Recently I wrote something about being an expat. I was told, firmly, that I am not one: that my marriage to a local and my legal status as a permanent resident make me something else.
I was also asked, by someone from East Asia, why I wasn’t just a migrant like they would be if they moved to my country. What’s the difference?
Not expats, not migrants
We’re freighted with terms that don’t work.
An expat is, most of the time, someone from the Global North who’s on a time-bound stay abroad, often in a position of privilege or power: a diplomatic posting, a journalist attached to a broadcaster, a McKinsey consultant on a two-year stint in Shanghai.
And a migrant is typically someone from the Global South who’s living outside their home country, usually for reasons of economic or political need, often in a situation that’s precarious. Migrants may be refugees or guest workers or people who have entered their current country illegally, and they often face significant challenges in returning home or moving elsewhere.
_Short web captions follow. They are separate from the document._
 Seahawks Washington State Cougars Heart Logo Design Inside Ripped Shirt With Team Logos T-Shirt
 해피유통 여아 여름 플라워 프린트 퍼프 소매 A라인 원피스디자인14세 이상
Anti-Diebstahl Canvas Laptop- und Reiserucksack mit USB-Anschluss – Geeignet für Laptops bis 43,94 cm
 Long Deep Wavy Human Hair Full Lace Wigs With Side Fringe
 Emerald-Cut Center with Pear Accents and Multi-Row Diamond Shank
And an immigrant is someone who’s come to stay, often with a goal of citizenship.
There are other terms, too. Traveler, for someone going from place to place for a while. Global nomad, a kind of trendy term for people who set up shop briefly here and there.
I’m none of these. Lots of us aren’t. In my own case, I’m a permanent resident in Korea, with a good job and married to a local and raising a stepdaughter with her. People like me aren’t short-termers, we’re certainly not part of the global migratory precariat—to claim that identity feels obscene, frankly—and we’re not quite immigrants either, even if we don’t have any plan to go home. We could, is the point. Or we could skip town for a third country. Our passports and our finances would let us, even if our hearts wouldn’t.
Relocators
Because we lack the language to talk about this way of living, we remain invisible. We’re not expats, we’re not migrants, and we’re not living in the colonial world of a century ago. What are we?
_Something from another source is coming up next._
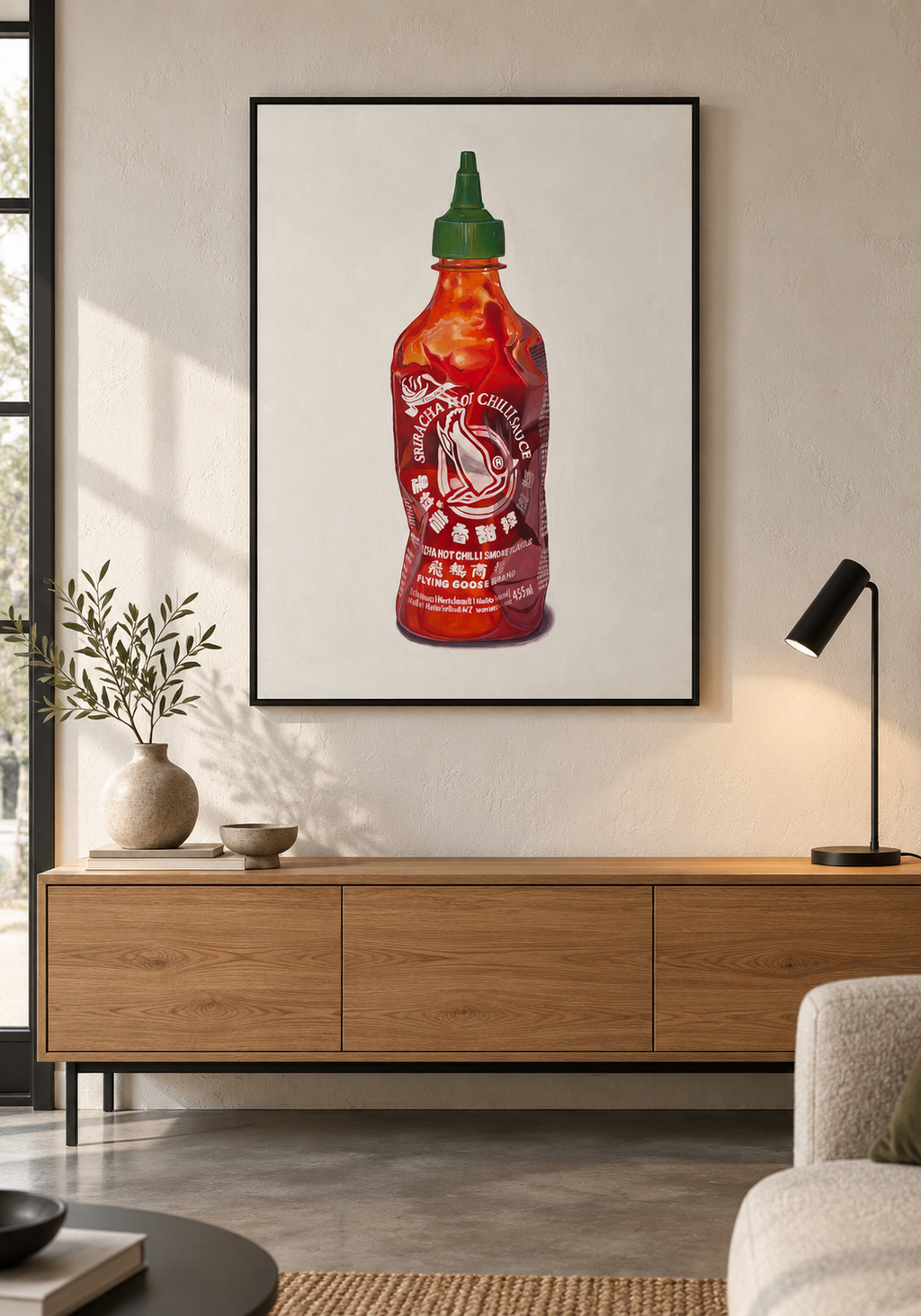 Sriracha — montaje decorativo generado, marco ilustrativo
Let’s say that we’re relocators.
It’s a new term, maybe a little corporate, but it gets at something none of the other words do. It implies agency—we make our own decisions about where we live—and it frees us from some of the complicated political baggage that attaches to both expat and migrant.
A relocator, as I’m defining it, is someone who:
Lives long-term outside of their country of origin or home country. This open-endedness is different from the expat experience of time-bound stints in other countries. There may be a plan to go home at the end or not, but it’s not a posting with a defined end date.
Lives abroad by choice. Relocators aren’t refugees, political or economic.
Has the ability to move on. Relocators have viable legal status and the financial wherewithal to go home or somewhere else, and that home is a reasonably safe place to return to.
Can be from the Global North or the Global South. As we’ve seen, expats are almost always from the Global North, migrants from the Global South. Relocators—relos for short—can be either.
Breaking the North-South dichotomy
I came from the US to work at Samsung Korea. So did my Indian colleagues. By this definition, we’re all relocators. So were my Indian colleagues working at Google in New York. The experience of these relocators from India is not at all the journey of the poor and disempowered to the colonial metropole that marked so much twentieth century migration.
A good example is Hua Hsu’s family, as described in his memoir, Stay True. His parents came to America from Taiwan, broke but in a broke-student way. They integrated meaningfully into American society and later moved back to Taiwan when there were good economic prospects there. They’re classic relos, if you can call something classic for a term that I just made up.
What’s next for us?
I’ve defined this new term, relocators, because I want to be able to talk meaningfully about an experience that’s underdiscussed.
What is asked of us ethically when our employers ask us to help them embed our home country’s corporate culture into their society?
What does it mean to retire, and face decline and death, in a country not one’s own?
Does this new lens help us to see the past more clearly, reframing people like Marguerite Duras and Paul Gauguin and even Rudyard Kipling—the Indian-born child of a university professor, not a colonial officer—away from simplistic dichotomies and toward a more nuanced, more honest understanding?
Does the idea of the relocator help us understand the immigrant experience better from Global South to Global North, rather than flattening diverse lives, from 19th-century Chinese railroad workers to Sicilian and Jewish migrants to New York to Silicon Valley tech workers to itinerant farm workers from Latin America?
By introducing this new term, relocators, I believe that we can start to see experiences, lives, that lie hidden under the inadequate labels of expat and migrant, traveler and global nomad.
We might begin to see ourselves.
So what do you think? Are you a relocator? And what does it mean to you?